Normalisation is the process of adequately organising data in the given database. When done systematically, normalisation will decompose the tables to eliminate any data redundancy or data repetition. It will also reduce any undesirable characteristics of a database like an Update, Insertion, and Deletion anomalies. Normalising a database is a multi-step approach that can put the data into a tabular form by removing all duplicated data from the relational tables.
Two primary objectives of normalisation are:
- Eliminating the redundant data from the database, and
- Ensuring logical data dependencies
After-effects of skipping normalisation
If there is a tale that is not appropriately normalised and has data redundancy, it can consume a lot of memory space and make it difficult for the DBAs to handle or update the database. There is also a possibility of data loss. Data insertion, maintenance, updating, and deletion anomalies can also happen frequently if the database is not appropriately normalised. Here is an example for you to understand the scope of these anomalies further.
Here is a sample data of academic students:
|Roll Number||Name||Branch||HOD||Dept. Phone|
In the above table, we can see the data of six students under the ‘computers’ branch of study as it is evident from the table, data for the branch, HOD, and the dept. The phone is the same but repeated for all the students. This is called data redundancy, and now you may have understood how it could eat up additional unwanted memory space.
Insertion Anomaly. In the above example, suppose if a new student is joining the academic institution and until that student opts for a specific branch, i.e., computers, the date of that student cannot be inserted into the table, or it has to be put as Null. Also, in another case, if you have to enter the data of 100 students of a branch, then again, branch information may get repeated for all 100 students in it. These situations are called insertion anomalies.
Update Anomaly. Another sample case could be the professor (Prof. X) leaving the college one day, or he may no longer be the HOD of the computer science branch. In such a case, there would be a need to update all students’ information again. If there is any mistake in or miss out on any single record, it may lead to inconsistent data gain. This is called an update anomaly.
Deletion Anomaly. Again, at a time, there may be a need to keep two pieces of information together. For example, the student info and branch info may have to stay together. So, once the academic year ends, the students’ records may get deleted, and we will be losing the corresponding branch information. This unwanted effect is called the deletion anomaly. Normalisation effectively works to tackle all these anomalies.
Rules of normalisation. As pointed out by RemoteDBA.com experts, the general normalisation rules are categorised into the following forms:
- First Normal Form
- Second Normal Form
- Third Normal Form
- BCNF (Boyce and Codd Normal)
- Fourth Normal Form
A table needs to follow these rules to be in First Normal Form:
- It should have only single-valued attributes. This means each column of the table should be single-valued and should not contain any multiple values.
- All values stored in a column need to be of the same domain. This means the attribute domains should not change at all. This can be found as a commonsense rule. Each column at the values stored in it must be of the same type.
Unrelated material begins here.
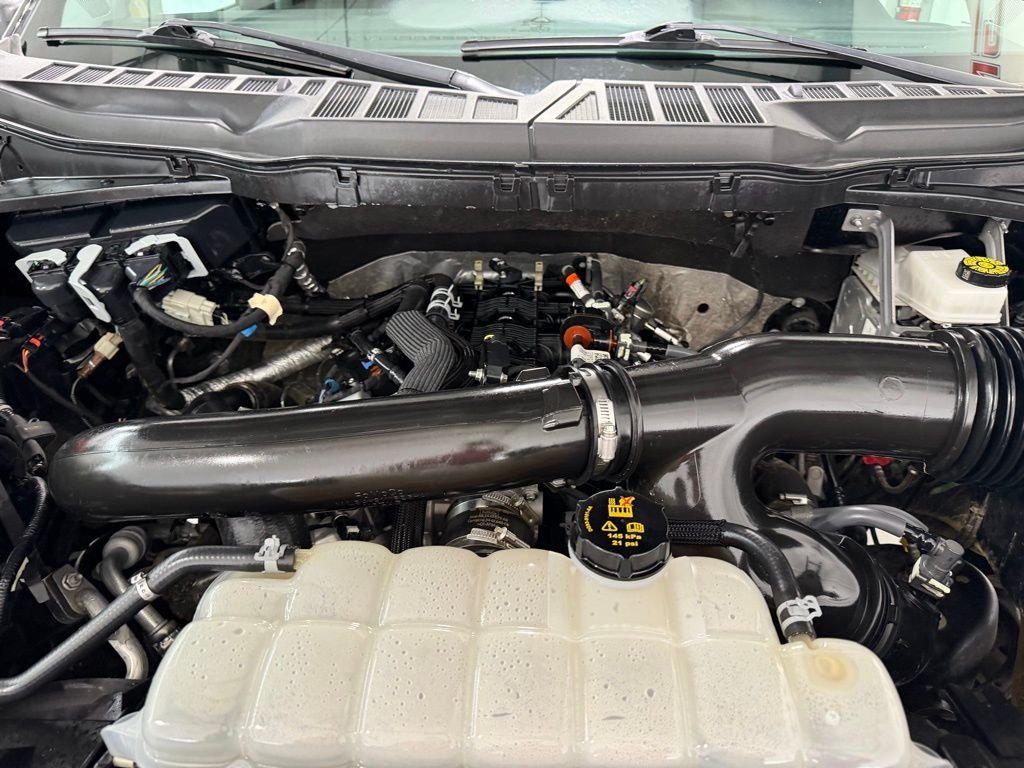 2025 Ford F-150 XLT - Photo 7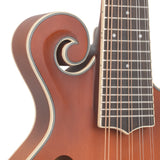 Gold Tone F-10 10-string Acoustic-Electric Mandolin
- Sy, for example, if there is a common DOB for a set of people to be saved, still you cannot use the names of a few of them in that column along with the common DOB in the corresponding column.
- All columns in the table must have unique names. Doing so will help to avoid any confusion while retrieving data, or while performing any other stored data. If more columns have the same name, the DBMS system itself will get confused in read and write operations.
The data storage order does not matter.
The below rules needed to be satisfied for a table to be in 2NF:
- It has to be 1NF by default.
- There should not be any partial dependency. Partial dependency means that a particular attribute in the given table depends only on one part of the primary key instead of depending on the whole key.
A table would be in Third Normal Form only when it satisfies the following norms:
- It has to be 2NF compliant.
- There should not be any transitive dependency.
BCNF or Boyce and Codd Normal Form
BCNF is an up-gradation of the 3NF. Boyce and Codd Normal form of normalisation deals with the particular types of anomalies which cannot be handled by the Third Normal Form. For example, a Third Normal Form table that does not have multiple overlapping keys, as seen in the above example, can be in the BCNF. To be BCNF, a table should satisfy the following conditions:
- R should be in the 3NF.
- For each of the functional dependencies as X → Y, the super key should be X.
To understand BCNF in further detail, you may refer to the BCNF tutorial article we published in this same series.
Fourth Normal Form or 4NF
A table can be counted as 4NF if:
- It complies with BCNF.
- There is no multivalued dependency on it.
For the DBAs, it is vital to understand the previous Normal Forms before getting over to the 4NF. By understanding the dependencies and best normalisation practices, you will be able to design your relational database better.